Солоно же приходилось в этой обстановке подлинному цвету профессуры! Реформатского шпыняли за приверженность к «буржуазному» методу в языкознании и даже заставляли каяться в грехах (Его коллеге и другу Винокуру «повезло»: успел к этому времени умереть). Александру Леонидовичу Слонимскому запретили вес­ти популярный у студентов спецкурс по «опальному» Достоевскому. Уже нам оставалось довольствоваться его лекциями по русской ли­тературе «золотого» XIX века и более «невинным» семинаром — по драматургии Островского.

Хорошо помню, как А.Л. огорчался, когда в наших докладах (в моем тоже) проявлялась излишняя «социологичность», и темпе­раментно высмеивал ее, взывая к нашей молодости и способности живо чувствовать простую поэзию бытия.

Не скрою: мне приятно, что лет десять спустя, уже незадолго до смерти Слонимского, я сумел хоть в малой мере воздать ему долж­ное в «новомирской» (одной из немногих) рецензии на его книгу о Пушкине. А.Л. трогательно благодарил. Нанести же ему визит я так и не удосужился. Меа сulра...

На подозрении у начальства был преподававший логику философ Валентин Фердинандович Асмус, почитатель и друг Пастернака, в то же время одним из первых оценивший и поддержавший моло­дого Твардовского. Не особенно жаловали и очаровательного Сергея Михайловича Бонди, замечательнейшего пушкиниста. Характерен форменный анекдот, случившийся, правда, в другом, педагогичес­ком институте, где С.М. тоже преподавал. Звонит он радостно та­мошнему декану: «Иван Иванович, извините, я сегодня не приду на лекцию: у меня родилась дочь!» — «Очень жаль», — слышит в ответ «нарушитель трудовой дисциплины».

Вернусь к С.В. Щириной, в пору войны занимавшей в институте совершенно особое место. Руководила она всего-навсего семинаром по марксизму-ленинизму, страстно отдаваясь этому предмету. Но ее роль в нашей жизни определялась не этим.

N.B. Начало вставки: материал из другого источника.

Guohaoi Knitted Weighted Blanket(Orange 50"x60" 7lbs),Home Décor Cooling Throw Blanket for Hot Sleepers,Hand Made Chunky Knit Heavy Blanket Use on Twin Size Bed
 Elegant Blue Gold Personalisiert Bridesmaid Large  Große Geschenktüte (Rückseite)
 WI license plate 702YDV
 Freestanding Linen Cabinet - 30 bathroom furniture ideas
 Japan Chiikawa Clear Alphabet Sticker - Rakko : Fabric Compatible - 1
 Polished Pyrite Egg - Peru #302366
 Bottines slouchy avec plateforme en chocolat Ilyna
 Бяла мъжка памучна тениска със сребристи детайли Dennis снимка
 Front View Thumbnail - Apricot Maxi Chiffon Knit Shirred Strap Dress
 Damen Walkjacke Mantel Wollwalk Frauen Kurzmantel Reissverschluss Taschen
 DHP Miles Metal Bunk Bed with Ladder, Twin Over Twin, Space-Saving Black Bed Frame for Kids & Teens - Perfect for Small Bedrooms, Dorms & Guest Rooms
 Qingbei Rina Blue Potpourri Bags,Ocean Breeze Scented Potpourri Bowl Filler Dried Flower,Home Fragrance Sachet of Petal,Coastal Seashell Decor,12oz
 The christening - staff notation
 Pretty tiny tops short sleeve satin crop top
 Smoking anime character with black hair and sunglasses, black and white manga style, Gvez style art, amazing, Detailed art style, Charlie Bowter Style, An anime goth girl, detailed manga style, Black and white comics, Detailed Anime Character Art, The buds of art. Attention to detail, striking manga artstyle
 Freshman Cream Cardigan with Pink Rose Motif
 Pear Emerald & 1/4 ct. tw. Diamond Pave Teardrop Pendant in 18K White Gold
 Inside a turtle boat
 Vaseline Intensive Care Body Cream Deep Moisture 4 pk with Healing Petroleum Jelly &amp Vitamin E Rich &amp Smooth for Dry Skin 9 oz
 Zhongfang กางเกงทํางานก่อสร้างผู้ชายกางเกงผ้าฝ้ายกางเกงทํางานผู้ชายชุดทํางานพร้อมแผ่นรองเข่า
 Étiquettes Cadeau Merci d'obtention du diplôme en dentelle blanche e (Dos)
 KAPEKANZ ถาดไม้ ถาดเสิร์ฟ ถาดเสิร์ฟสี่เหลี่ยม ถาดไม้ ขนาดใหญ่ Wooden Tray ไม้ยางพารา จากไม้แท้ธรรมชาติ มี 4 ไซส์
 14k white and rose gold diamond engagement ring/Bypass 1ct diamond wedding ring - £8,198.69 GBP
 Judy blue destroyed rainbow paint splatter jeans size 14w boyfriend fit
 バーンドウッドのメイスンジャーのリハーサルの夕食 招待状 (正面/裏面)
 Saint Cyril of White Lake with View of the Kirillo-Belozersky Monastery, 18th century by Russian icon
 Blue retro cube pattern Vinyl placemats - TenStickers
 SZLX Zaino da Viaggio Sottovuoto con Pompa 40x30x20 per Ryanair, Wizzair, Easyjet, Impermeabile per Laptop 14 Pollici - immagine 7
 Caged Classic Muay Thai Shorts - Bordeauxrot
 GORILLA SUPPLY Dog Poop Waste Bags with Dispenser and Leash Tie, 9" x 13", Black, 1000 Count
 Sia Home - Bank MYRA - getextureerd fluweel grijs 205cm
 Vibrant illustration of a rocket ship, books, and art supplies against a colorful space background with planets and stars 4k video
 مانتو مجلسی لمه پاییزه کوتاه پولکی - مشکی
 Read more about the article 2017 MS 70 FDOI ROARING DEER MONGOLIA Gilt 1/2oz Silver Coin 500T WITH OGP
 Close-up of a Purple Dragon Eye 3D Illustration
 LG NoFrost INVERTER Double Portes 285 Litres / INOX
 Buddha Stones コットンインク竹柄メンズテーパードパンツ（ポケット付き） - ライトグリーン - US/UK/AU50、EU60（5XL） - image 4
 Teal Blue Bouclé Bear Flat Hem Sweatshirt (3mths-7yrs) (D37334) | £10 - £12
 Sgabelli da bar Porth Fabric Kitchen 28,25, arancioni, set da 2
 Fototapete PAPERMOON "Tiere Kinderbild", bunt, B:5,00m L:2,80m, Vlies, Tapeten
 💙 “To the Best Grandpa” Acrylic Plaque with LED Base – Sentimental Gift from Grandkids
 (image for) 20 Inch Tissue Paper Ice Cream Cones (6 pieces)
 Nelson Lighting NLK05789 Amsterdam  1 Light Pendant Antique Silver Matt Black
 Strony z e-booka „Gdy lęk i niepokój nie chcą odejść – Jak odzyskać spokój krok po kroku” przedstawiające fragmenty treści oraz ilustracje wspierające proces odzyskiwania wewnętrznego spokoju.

Тридцать с лишним лет назад, при публикации в журнале писем фронтовиков в институт, я писал: «...Пора сказать о той, кому в боль­шинстве случаев эти послания адресованы. О той, чьими руками снова восстанавливались оборванные войной, разлукой, оккупаци­ей, переездами дружеские связи и даже более нежные привязаннос­ти. О той, наконец, которая в пору, когда безвозвратно исчезало мно­жество ценнейших документов, бережно, до самой смерти (осенью 1968) сохраняла свой удивительный и трогательный архив.